Personal Injury

Motorcycle riders have crucial road safety role

Motorcyclists are often not visible to other vehicles on the road, so riders should be sure to take extra precautions to ensure their own safety, Ottawa personal injury lawyer Howard Yegendorf tells CTV News Ottawa.

As motorcycle riders are less protected than those driving a car, Yegendorf, a founding partner with Howard Yegendorf & Associates LLP, explains that the injuries they sustain in an accident are often serious or even catastrophic.

“Safety is key, because I can tell you, from the vast majority of cases where I’ve seen somebody get hurt in a motorcycle accident, the driver of the car or the truck is at fault. In the vast majority of cases. And invariably, that driver says, ‘I never saw him,’ because motorcyclists are just not visible to a lot of people, particularly early in the season, April, May, where you haven’t seen motorcycles for a number of months during the winter.

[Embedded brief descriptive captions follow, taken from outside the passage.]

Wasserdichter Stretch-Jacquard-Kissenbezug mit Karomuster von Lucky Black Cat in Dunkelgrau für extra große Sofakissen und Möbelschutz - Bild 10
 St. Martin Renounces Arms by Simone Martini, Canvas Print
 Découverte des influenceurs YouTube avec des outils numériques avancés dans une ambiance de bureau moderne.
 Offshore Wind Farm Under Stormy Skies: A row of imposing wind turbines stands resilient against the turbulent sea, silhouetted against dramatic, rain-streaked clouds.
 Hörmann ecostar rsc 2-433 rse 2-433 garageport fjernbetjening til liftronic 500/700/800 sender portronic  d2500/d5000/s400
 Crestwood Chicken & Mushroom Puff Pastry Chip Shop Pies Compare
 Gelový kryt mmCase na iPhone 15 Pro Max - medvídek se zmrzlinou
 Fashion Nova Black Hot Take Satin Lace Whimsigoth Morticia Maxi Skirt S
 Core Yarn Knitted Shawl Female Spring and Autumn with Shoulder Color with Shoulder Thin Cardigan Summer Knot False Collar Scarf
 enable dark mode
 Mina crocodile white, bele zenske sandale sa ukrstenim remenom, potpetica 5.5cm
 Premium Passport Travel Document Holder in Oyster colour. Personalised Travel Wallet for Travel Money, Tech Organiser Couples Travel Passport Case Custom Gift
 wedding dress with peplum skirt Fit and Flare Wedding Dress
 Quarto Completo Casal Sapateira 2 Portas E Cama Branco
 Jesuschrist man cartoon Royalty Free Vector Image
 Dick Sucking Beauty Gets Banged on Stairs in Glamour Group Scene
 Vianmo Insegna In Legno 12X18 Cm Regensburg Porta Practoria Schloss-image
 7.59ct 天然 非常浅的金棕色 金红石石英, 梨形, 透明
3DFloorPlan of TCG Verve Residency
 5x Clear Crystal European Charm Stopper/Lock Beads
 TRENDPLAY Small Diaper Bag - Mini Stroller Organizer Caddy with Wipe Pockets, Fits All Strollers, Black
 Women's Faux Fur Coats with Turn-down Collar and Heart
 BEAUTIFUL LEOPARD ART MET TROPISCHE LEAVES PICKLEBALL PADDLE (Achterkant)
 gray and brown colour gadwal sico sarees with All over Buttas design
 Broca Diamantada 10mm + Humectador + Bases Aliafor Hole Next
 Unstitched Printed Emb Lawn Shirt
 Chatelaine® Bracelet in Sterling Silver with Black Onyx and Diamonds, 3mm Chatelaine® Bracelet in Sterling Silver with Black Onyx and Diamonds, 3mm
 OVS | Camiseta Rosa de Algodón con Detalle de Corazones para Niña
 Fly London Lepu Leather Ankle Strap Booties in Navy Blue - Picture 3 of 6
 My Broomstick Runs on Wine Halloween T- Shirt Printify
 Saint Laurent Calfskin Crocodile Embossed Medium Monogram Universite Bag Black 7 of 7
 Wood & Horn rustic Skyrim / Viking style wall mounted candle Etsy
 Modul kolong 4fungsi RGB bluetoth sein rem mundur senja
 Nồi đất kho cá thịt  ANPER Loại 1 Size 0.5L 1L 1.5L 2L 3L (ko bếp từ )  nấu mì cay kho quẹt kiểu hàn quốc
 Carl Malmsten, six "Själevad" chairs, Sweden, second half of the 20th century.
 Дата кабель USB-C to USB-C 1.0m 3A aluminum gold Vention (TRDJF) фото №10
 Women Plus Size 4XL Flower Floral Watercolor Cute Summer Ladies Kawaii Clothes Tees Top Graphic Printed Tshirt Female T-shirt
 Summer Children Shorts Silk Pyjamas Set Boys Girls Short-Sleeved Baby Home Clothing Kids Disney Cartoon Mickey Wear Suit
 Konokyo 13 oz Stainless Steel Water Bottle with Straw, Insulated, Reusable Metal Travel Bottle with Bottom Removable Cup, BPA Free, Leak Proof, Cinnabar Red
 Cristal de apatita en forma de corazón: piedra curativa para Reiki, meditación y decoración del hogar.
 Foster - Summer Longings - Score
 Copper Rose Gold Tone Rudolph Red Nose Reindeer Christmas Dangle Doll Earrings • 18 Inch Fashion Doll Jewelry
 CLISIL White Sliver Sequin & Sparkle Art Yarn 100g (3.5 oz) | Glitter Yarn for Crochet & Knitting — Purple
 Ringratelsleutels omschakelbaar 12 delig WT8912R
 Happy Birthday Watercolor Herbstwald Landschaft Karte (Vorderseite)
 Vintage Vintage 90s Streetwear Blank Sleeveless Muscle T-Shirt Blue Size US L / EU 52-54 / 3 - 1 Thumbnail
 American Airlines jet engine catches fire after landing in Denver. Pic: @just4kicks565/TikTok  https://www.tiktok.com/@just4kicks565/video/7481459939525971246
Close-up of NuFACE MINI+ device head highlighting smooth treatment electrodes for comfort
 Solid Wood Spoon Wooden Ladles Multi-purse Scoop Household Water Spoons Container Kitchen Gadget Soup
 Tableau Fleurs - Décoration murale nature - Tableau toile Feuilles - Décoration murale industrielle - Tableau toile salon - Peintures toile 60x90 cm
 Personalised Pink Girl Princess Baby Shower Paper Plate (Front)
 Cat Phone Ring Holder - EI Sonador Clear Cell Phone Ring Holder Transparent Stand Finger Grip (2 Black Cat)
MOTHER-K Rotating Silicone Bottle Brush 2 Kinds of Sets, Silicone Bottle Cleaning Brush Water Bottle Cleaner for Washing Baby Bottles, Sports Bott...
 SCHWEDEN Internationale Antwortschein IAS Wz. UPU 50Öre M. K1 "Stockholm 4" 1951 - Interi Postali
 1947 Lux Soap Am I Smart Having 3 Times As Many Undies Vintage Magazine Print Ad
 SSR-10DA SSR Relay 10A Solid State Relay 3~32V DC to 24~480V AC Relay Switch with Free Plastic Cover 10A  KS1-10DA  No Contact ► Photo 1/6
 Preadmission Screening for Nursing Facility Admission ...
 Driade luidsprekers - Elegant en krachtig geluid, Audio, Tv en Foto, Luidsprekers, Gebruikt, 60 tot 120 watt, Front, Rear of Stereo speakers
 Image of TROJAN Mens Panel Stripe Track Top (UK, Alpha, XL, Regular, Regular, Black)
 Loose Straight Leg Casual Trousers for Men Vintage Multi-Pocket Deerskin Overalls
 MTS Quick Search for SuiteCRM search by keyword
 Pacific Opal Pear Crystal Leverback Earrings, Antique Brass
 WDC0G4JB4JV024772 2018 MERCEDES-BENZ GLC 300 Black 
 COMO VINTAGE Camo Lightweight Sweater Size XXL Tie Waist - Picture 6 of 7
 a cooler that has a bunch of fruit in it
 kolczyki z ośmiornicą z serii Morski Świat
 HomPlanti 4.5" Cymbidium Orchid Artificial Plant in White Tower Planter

“So motorcycle riders have to think about visibility, they actually have to think about things like lane positioning, putting yourself in the lane in the most visible spot. A driver of a car never even thinks about that.”

In addition, he says, motorcyclists should be sure to wear high-visibility clothing and white or yellow helmets. Riders can also consider taking safety courses offered by a number of organizations.

For a motorcyclist who has been in an accident, Yegendorf tells viewers that two types of insurance come into play.

“If the other party’s at fault, then it’s the other party’s third-party liability insurance, and there’s also statutory accident benefits from your own insurer,” he explains.

As an example, he says, “If you and I have an accident, you’re the at-fault driver of the car, I’ve been injured as a motorcyclist, there’s serious injuries and I have a $2 million claim against you for injuries, loss of income, cost of future care, as an example. You only have $1 million of insurance, so where do I get my second $1 million? Well, if I have $2 million of insurance, then I can go after my own insurance company for that other $1 million.”

At the very least, Yegendorf recommends motorcycle riders have $2 million of primary insurance.

When it comes to statutory accident benefits, however, Yegendorf explains that coverage was cut on June 1 from the previous maximum of $1 million of medical rehabilitation benefits coverage plus $1 million of attendant care coverage to the new combined maximum of $1 million.

Yegendorf recommends motorcyclists restore their coverage to $2 million through optional benefits.

“If you’re riding a motorcycle you don’t want to ride scared, but you want to ride prepared and you should definitely get that optional benefit to restore the $2 million of coverage.”